:: Task to carry out ::
Within the material below, locate the line with "Broadway Boutique Collegiate" and the line with "Smeg TSF01BLUK Retro", then return those two lines and all lines between them, exactly as written.

+++ Input data

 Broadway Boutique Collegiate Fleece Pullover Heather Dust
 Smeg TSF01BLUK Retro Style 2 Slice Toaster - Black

++++++
+++ Input data

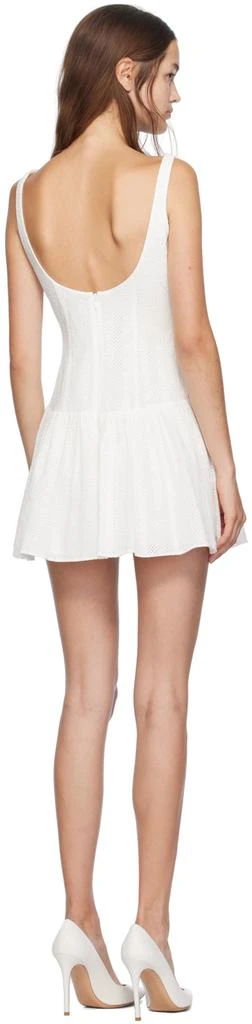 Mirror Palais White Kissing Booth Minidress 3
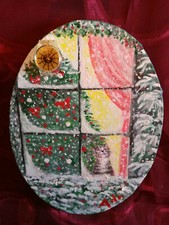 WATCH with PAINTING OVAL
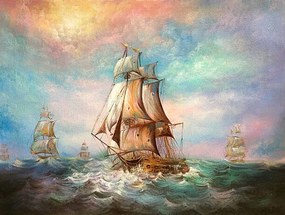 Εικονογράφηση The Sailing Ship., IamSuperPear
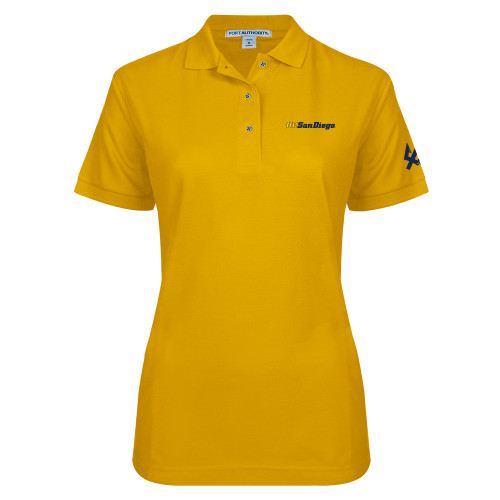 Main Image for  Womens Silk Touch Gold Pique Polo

++++++
+++ Input data

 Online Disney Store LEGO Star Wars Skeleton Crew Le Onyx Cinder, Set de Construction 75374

++++++

:: Output for this task ::
 Broadway Boutique Collegiate Fleece Pullover Heather Dust
 Smeg TSF01BLUK Retro Style 2 Slice Toaster - Black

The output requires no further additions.